French Advisory Sheds Light on Apple Spyware Activity

French Advisory Sheds Light on Apple Spyware Activity

Summary

France’s national cybersecurity team, CERT-FR (ANSSI), has published an advisory revealing that Apple sent several private threat notifications this year to individuals targeted by sophisticated spyware. The advisory confirms four Apple notifications in 2025 (March 5, April 29, June 25 and Sept 3) and warns that receipt of a notification means at least one device tied to the recipient’s iCloud account was targeted and potentially compromised.

CERT-FR highlighted that mercenary spyware such as Pegasus, Predator, Graphite and Triangulation are hard to detect and often exploit zero-day memory-safety flaws. The Sept 3 notification followed Apple’s disclosure of CVE-2025-43300 in the ImageIO framework (disclosed 20 Aug), which Apple said had been used in “extremely sophisticated” targeted attacks. Earlier in the year, a March notification came shortly before Apple disclosed CVE-2025-24201 in WebKit.
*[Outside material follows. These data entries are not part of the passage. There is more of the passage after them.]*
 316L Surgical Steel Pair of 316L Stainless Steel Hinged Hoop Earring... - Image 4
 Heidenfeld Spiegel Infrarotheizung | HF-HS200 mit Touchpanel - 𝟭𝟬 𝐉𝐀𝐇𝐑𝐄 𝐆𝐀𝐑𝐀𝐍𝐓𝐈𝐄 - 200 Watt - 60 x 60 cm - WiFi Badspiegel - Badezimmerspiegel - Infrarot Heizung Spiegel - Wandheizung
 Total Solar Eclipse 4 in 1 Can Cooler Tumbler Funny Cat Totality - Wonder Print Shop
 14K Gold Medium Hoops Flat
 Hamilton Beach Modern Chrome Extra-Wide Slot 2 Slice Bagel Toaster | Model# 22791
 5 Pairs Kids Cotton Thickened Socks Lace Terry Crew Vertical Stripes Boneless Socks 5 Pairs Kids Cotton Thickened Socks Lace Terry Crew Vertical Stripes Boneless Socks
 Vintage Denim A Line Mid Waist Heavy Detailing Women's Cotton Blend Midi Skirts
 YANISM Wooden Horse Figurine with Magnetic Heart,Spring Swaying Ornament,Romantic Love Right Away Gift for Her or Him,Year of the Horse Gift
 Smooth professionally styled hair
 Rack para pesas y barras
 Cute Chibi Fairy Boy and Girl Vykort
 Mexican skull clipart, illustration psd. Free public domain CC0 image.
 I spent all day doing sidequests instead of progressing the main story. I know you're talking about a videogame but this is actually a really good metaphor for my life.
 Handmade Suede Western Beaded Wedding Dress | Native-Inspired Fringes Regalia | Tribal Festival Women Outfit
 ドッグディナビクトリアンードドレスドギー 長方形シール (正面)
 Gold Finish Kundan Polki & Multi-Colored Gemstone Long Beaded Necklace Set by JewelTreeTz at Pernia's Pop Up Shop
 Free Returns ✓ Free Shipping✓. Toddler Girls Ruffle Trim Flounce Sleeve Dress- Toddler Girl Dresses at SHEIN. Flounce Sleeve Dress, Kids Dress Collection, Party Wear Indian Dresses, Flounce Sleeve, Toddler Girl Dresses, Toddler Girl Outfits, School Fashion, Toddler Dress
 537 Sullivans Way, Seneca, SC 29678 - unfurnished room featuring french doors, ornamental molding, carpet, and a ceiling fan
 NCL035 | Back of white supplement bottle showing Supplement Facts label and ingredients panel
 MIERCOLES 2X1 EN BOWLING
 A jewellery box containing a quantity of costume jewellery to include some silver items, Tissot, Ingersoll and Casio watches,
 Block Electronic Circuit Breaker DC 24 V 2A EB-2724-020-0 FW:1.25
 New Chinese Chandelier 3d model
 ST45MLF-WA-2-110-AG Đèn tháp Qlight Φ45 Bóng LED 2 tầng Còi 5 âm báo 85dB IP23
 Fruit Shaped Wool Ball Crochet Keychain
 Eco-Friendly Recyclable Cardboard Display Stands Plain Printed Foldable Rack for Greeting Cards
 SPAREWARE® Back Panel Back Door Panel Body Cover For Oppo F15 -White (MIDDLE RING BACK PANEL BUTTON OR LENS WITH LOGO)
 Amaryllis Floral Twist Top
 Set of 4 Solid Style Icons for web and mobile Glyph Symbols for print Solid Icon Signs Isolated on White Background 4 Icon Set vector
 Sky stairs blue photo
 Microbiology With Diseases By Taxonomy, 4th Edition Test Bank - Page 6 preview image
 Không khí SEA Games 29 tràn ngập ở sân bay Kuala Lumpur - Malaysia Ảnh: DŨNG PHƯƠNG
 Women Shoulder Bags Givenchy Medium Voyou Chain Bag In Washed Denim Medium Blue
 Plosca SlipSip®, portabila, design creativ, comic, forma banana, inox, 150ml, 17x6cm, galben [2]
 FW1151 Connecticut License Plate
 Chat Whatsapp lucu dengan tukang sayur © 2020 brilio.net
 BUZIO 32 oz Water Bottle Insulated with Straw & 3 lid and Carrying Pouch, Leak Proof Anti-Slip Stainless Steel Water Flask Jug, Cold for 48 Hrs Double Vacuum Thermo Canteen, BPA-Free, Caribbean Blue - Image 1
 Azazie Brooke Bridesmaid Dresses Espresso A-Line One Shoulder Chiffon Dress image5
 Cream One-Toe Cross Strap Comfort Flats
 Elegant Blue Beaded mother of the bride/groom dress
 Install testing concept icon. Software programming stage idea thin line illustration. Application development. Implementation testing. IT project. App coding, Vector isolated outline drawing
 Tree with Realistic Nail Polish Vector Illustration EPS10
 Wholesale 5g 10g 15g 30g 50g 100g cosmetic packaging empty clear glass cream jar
To mitigate risk, CERT-FR recommends prompt updates (or enabling automatic updates), enabling Lockdown Mode and daily device restarts. Apple also recently unveiled Memory Integrity Enforcement (MIE), a hardware-backed defence aimed at improving memory safety to blunt such spyware chains.

Key Points

  1. CERT-FR confirmed four Apple threat notifications in 2025 indicating targeted spyware attempts against iCloud-linked devices.
  2. Notifications are private to recipients, so public visibility on the timing and scope of attacks is limited.
  3. The Sept 3 notification followed disclosure of ImageIO zero-day CVE-2025-43300, which Apple said was exploited in highly targeted attacks.
  4. Earlier March notifications preceded disclosure of a WebKit zero-day (CVE-2025-24201); links between notifications and specific CVEs remain unclear.
  5. Known mercenary spyware (Pegasus, Predator, Graphite, Triangulation) commonly exploit memory-safety vulnerabilities and can work without user interaction.
  6. CERT-FR mitigation advice: install updates promptly, enable Lockdown Mode and restart devices regularly.
  7. Apple announced Memory Integrity Enforcement (MIE) to strengthen chip-level memory defences against exploit chains.

Why should I read this?

Short version: if you use Apple kit or look after people who do, this matters. The advisory confirms targeted spyware is active, notifications are quietly sent to victims (so most incidents stay invisible), and attackers keep exploiting zero-days. Quick fixes? Patch, switch on Lockdown Mode and restart daily — but don’t kid yourself, the threat is ongoing.

Author’s take

Punchy and to the point: CERT-FR’s disclosure peels back the curtain a little on what’s been happening behind the scenes. Apple’s private notifications mean adversaries can operate for months before users even know — that’s worrying. Apple’s MIE is a step forward, but defenders need to keep devices updated and assume targeted actors will keep probing memory-safety flaws.

Context and relevance

This advisory is important because it provides rare public confirmation of discrete targeting events that otherwise remain private. It ties into wider trends: mercenary spyware leveraging memory-safety bugs, zero-click/zero-day exploitation, and technology vendors responding with hardware and OS mitigations. For security teams, civil-society actors and high-risk individuals, the advisory underscores the need for rapid patching, defensive configuration and threat monitoring.